An efficient hot carrier generation and collection requires, ideally, their generation to be enclosed within few tens of nanometers at the metal interface, but it is challenging to achieve this across the broadband solar spectrum.
Plasmonic systems have specific geometries that trap light only at characteristic frequencies. Some approaches try to combine multiple nanostructures to soak up more colors, but these absorptions take place at different spatial locations so the sun’s energy is not harvested very efficiently.”
—Andrea Fratalocchi, research leader
Fratalocchi and his team devised a new strategy using metal nanostructures known as epsilon-near-zero (ENZ) metamaterials that grow with random, fractal needles similar to a tiny pine tree.

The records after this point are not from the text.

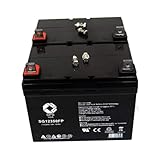 SPS Brand 12V 35Ah SLA Replacement Battery (SG12350) for Pride Mobility Jet 3 Ultra U1 (2 Pack)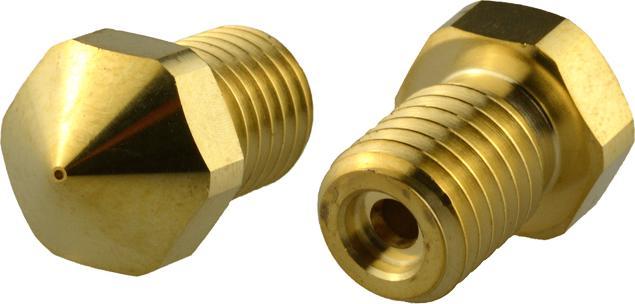 Actual product image FlashForge Guider II High Temp Nozzle 0.3mm (Blast pipe)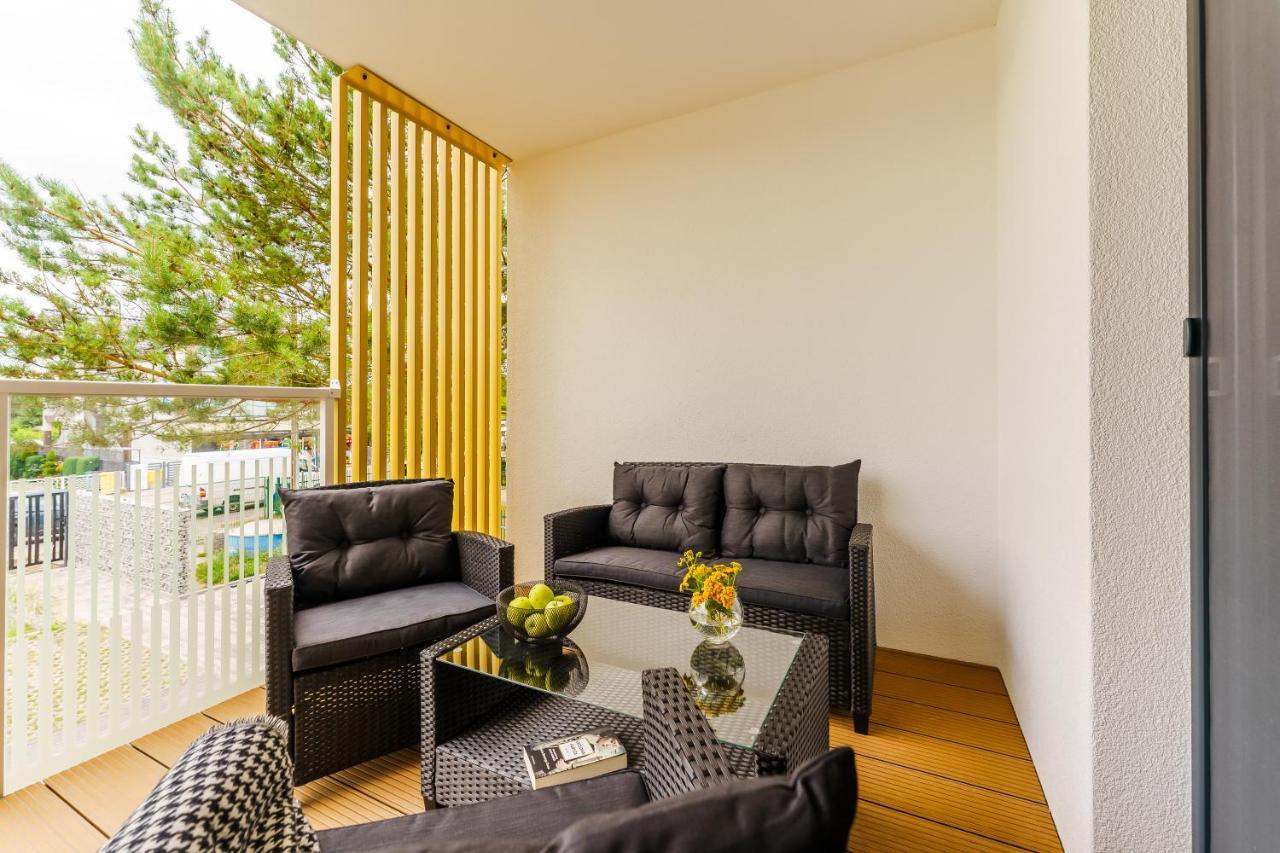 Posesja Apartamenty & Spa - Posesja Plazowa 4A II Grzybowo  Kültér fotó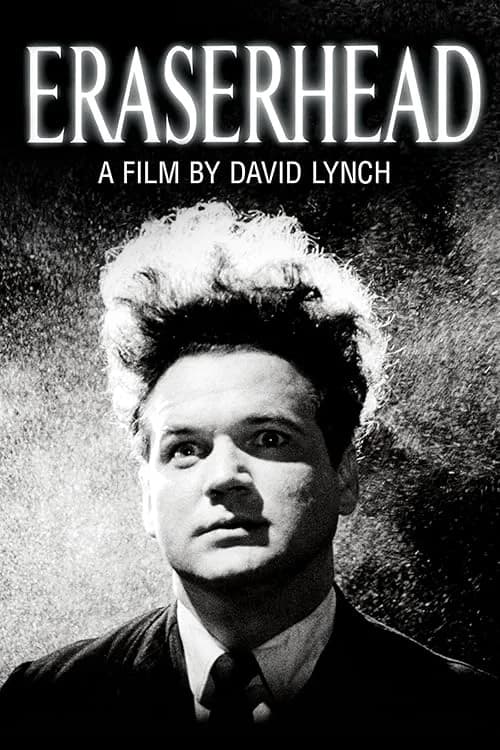 Eraserhead film posteri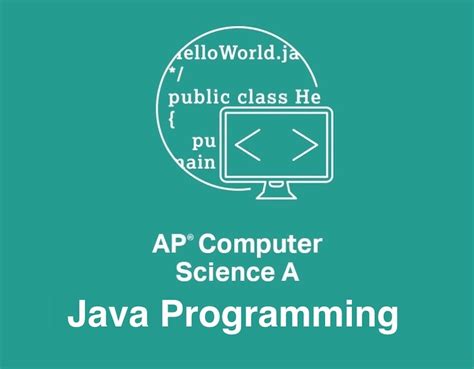 what is ap computer science java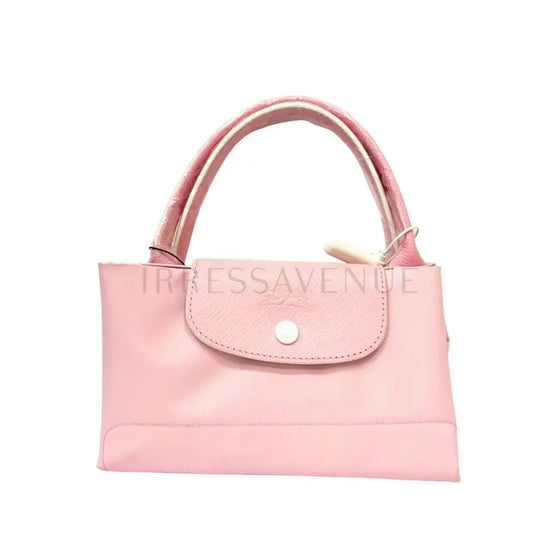 Longchamp Le Pliage Club Pink Shoulder Bag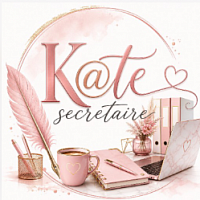 Logo secr&eacute;taire bureau professionnel particulier gestion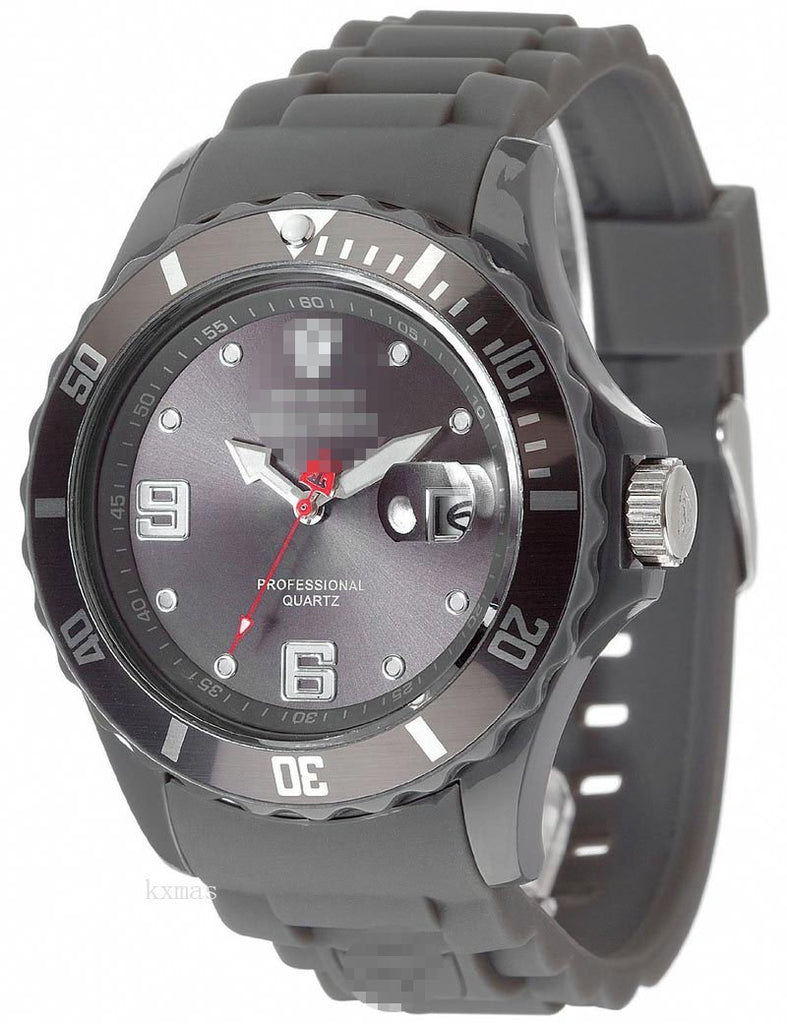 Wholesale Designer Silicone 22 mm Watch Strap DT2028-G_K0013831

ENZ metamaterials are optical structures the properties of which emerge as the refractive index of the structure approaches zero. Inside the cavities formed by the protruding metal branches, the propagation of light slows to a near standstill. This enables the ENZ substance to squeeze all visible light colors to the same nanometer-scale locations.
However, optimizing the ENZ material for hydrogen generation proved a protracted process of months. Not every needle-like structure works the same way, which meant the team had to fine-tune all fabrication parameters to find the correct disorder for efficient reactions. Then, choosing semiconducting titanium dioxide as a substrate to collect hot electrons required crystals with extremely high purity. Finally, the concentration and position of platinum nanoparticles used to catalytically split water molecules needed to be precisely controlled, depositions that are difficult with ENZ’s complex geometry.

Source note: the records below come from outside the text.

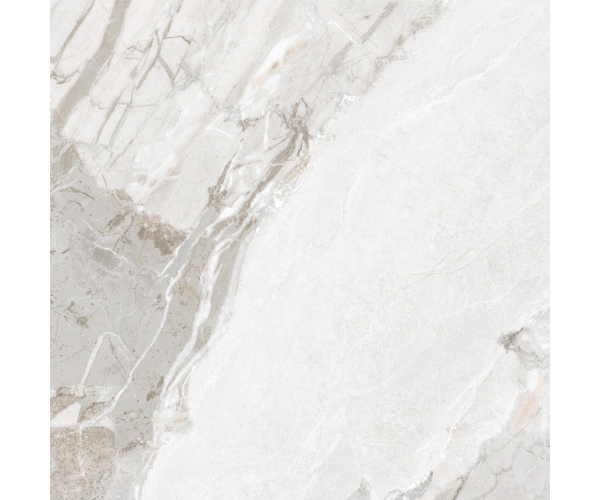 Dlažba jako kámen Bottega Blend White 80x80 Nat. Rett. - bílá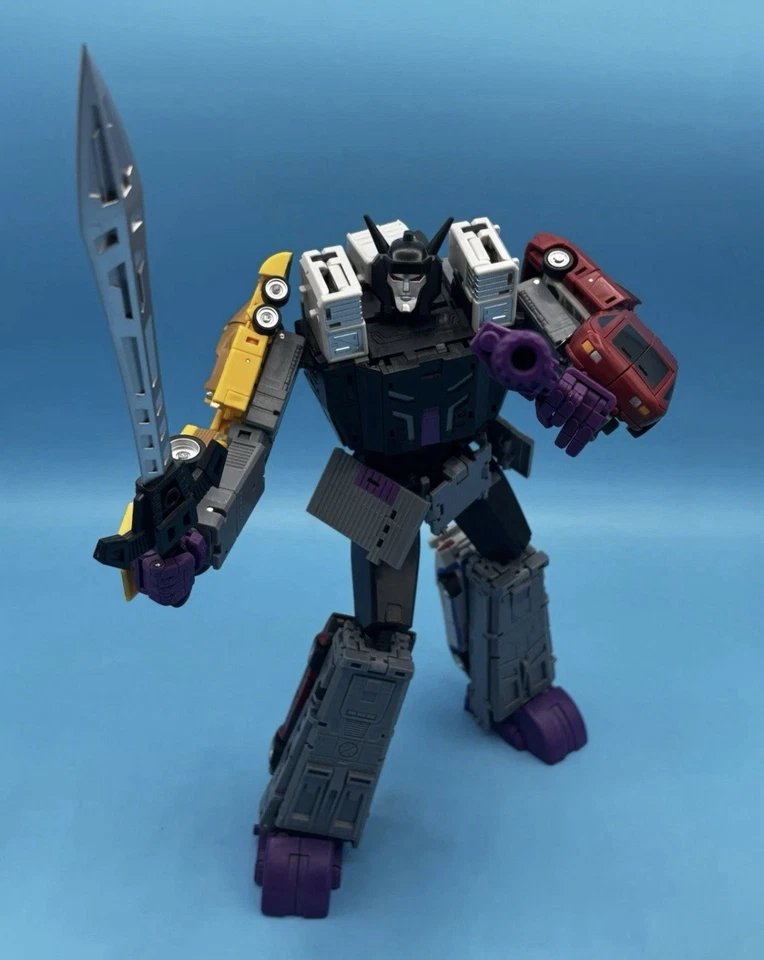 Transformers MH-MINI07 Menasor Tigerwing Combination Full Set 5 Figure Toy - Image 2 of 4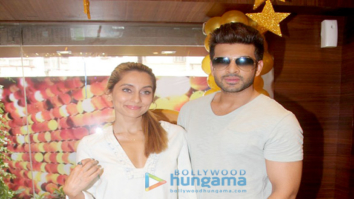 Anusha Dandekar & Karan Kundra shoot for ‘MTV Love School 2’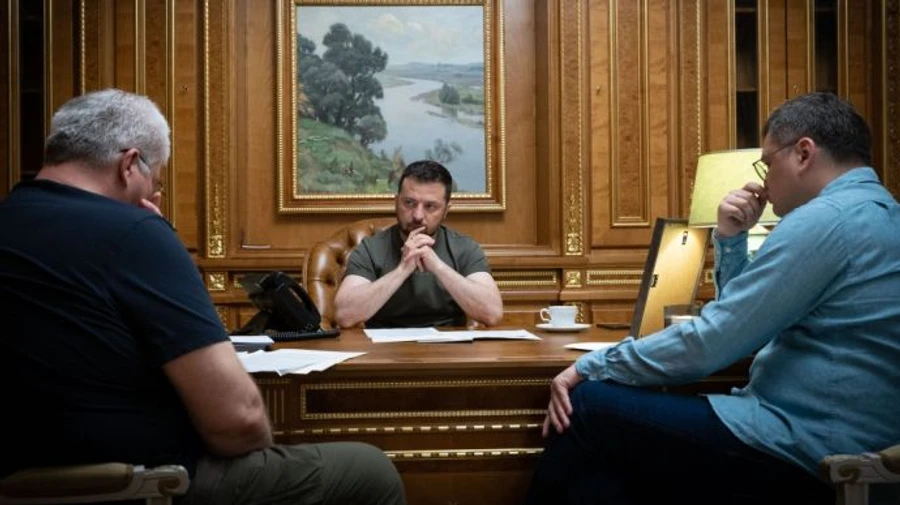 Zelenskyy spoke with Japanese Prime Minister, who promised help after Kakhovka HPP explosion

However, the result proved worth the perseverance: experiments revealed the ENZ photocatalyst used broadband light to generate hot carriers within a narrow 10-nm interfacial region for an overall 300% gain in efficiency.
Due to the possibility of controlling their absorption, the ENZ nanostructures are ideal candidates for solar-energy harvesting. We recently engineered an industrial prototype with impressive efficiency, which makes us very optimistic about the future possibilities of this technology.
—Andrea Fratalocchi
Resources
Tian, Y., García de Arquer, F. P., Dinh, C.-T., Favrand, G., Bonifazi, M., … & Fratalocchi, A. (2017) “Enhanced solar-to-hydrogen generation with broadband Epsilon-Near-Zero nanostructured photocatalysts.” Advanced Materials 29, 1701165 doi: 10.1002/adma.201701165
Once fine tuned, this could become one of the best method to produce huge quantities of clean H2, at a much lower cost.

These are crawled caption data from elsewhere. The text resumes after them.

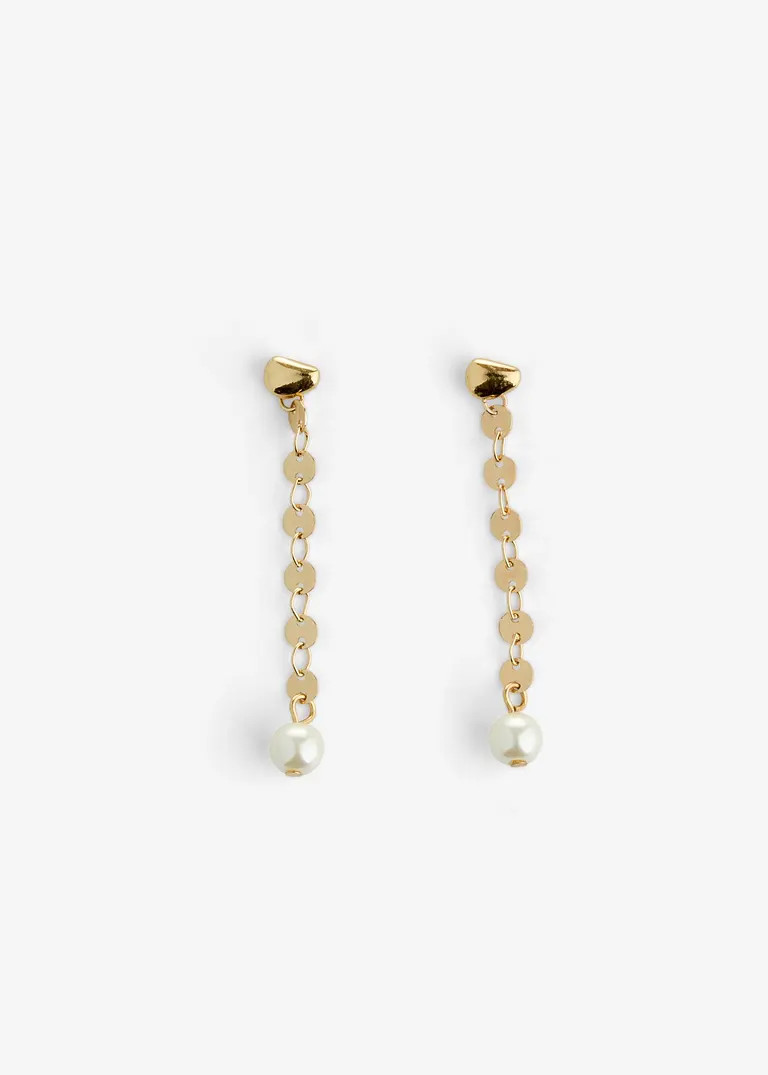 Ohrstecker mit Glasperle | Bonprix DE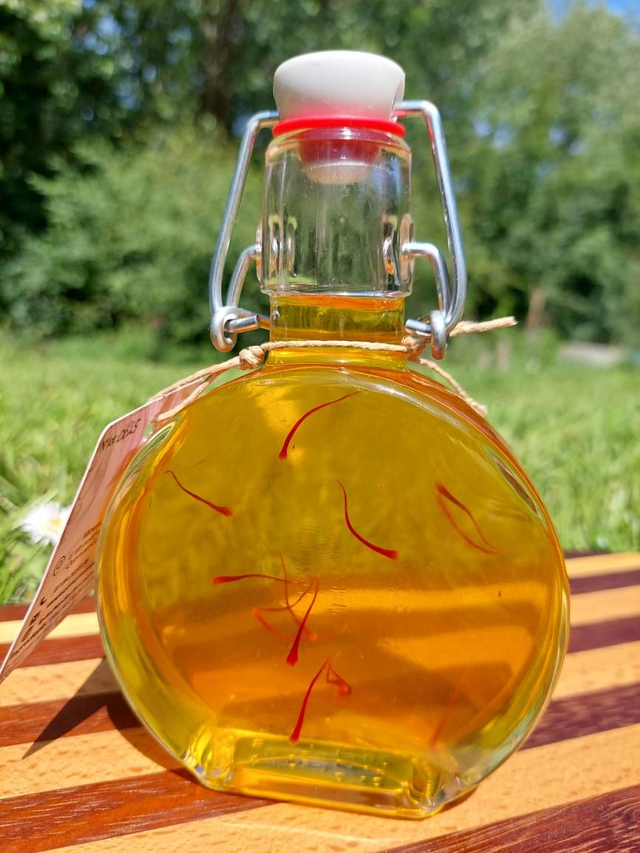 1-Sirop de Safran bio 200ml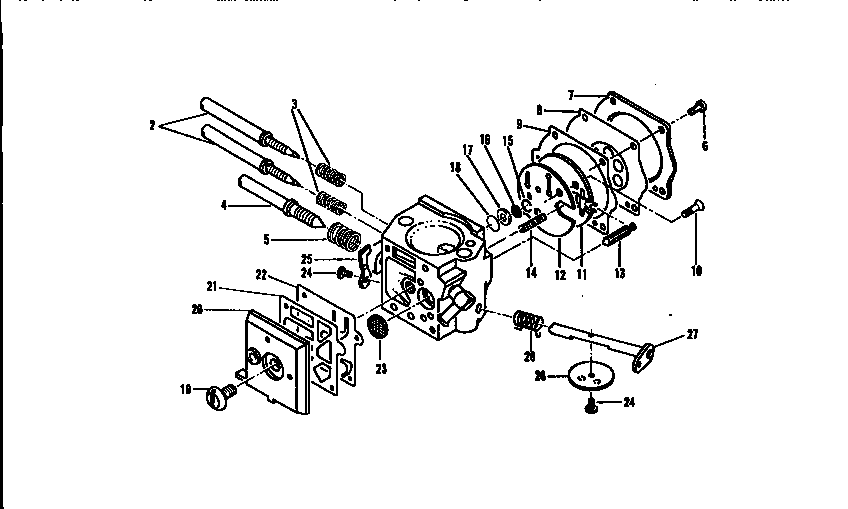 Carburetor assembly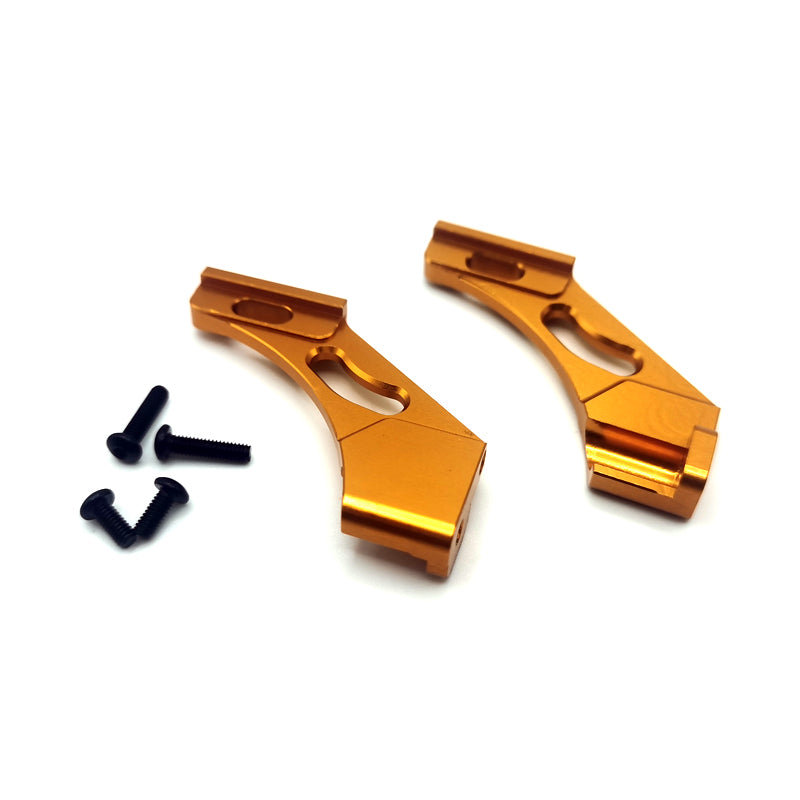 Rlaarlo RC Car Aluminum Alloy Tail Support Bracket For 1/14 and 1/12 Buggy and Truggy Gold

Sunlight and fresh water are basically free?
Posted by: HarveyD | 29 August 2017 at 08:11 AM
It would take a lot of solar capture area to make enough H2.
Posted by: SJC | 29 August 2017 at 10:50 AM
The Sahara-Gobi and many more sunny very large simila areas have lots of solar year round.
All that sumlight is free.
Posted by: HarveyD | 03 September 2017 at 05:09 PM
Sun might be free but capital equipment and getting it to market is not.